Both righties have a bit of big league experience, with Ortiz’s 2019 showing in Baltimore standing as the most recent. He’s tallied just 5 2/3 innings in the big leagues, all with the Orioles, and yielded eight runs on 11 hits and eight walks in that time. It’s not an especially impressive showing, but it’s a tiny sample of work for Ortiz, who notably ranked among the game’s top 100 prospects from 2016-17 in the estimation of Baseball America, Baseball Prospectus and MLB.com. He’s the second former top prospect added by the Giants in recent weeks, joining righty Jorge Guzman in that regard.
A former Rangers farmhand, Ortiz has been involved in a pair of notable trades — going from Texas to Milwaukee in the Jonathan Lucroy/Jeremy Jeffress deal before being flipped from Milwaukee to Baltimore as part of the return for Jonathan Schoop. At his prospect peak, Ortiz was praised for a mid-90s fastball, a plus slider and strong command, all of which gave him the upside of a mid-rotation starter.
Ortiz dealt with elbow and forearm troubles early in his pro career, however, and he’s only reached 100 innings in a single season (when he threw 102 between Double-A, Triple-A and Baltimore). He returned to the Rangers on a minor league deal for the 2021 season and worked primarily out of the bullpen in Triple-A Round Rock, where he posted a 4.60 ERA, a 23.4% strikeout rate and a 9.0% walk rate in 43 innings. Ortiz is still just 26 and has had solid results up through the Double-A level, but it’s been a rough go of it for him both in Triple-A and in the Majors.

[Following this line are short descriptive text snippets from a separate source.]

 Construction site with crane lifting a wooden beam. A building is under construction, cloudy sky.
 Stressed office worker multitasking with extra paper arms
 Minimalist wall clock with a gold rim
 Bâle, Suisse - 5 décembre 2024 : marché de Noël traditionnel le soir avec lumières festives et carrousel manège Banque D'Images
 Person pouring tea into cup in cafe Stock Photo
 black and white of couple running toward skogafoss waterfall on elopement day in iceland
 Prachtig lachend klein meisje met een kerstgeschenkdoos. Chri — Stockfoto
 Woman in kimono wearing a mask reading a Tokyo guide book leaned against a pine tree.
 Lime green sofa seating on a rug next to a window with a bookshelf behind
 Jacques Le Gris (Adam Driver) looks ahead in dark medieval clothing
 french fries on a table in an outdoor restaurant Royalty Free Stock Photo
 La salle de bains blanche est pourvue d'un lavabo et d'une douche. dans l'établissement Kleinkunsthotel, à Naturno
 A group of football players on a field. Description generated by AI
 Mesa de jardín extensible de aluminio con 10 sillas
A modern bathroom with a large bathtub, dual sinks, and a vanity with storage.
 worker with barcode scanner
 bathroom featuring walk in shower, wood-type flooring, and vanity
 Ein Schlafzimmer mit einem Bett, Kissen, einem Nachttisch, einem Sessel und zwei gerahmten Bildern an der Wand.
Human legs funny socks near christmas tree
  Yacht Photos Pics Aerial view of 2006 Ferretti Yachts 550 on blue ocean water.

Huang, 28, reached the bigs with Texas back in 2018 — albeit only for a brief 5 2/3-inning look. He held opponents to a pair of earned runs but also surrendered eight hits and five walks during that short-lived stint. Wang wasn’t with a Major League player pool in 2020, when there was no minor league season, and he didn’t pitch in affiliated ball last year either. However, he’s rattled off three perfect innings in the Dominican Winter League this year, fanning five hitters along the way. He’ll join the Giants org with a career 3.37 minor league ERA in addition to a strong 28.2% strikeout rate and an 8.7% walk rate.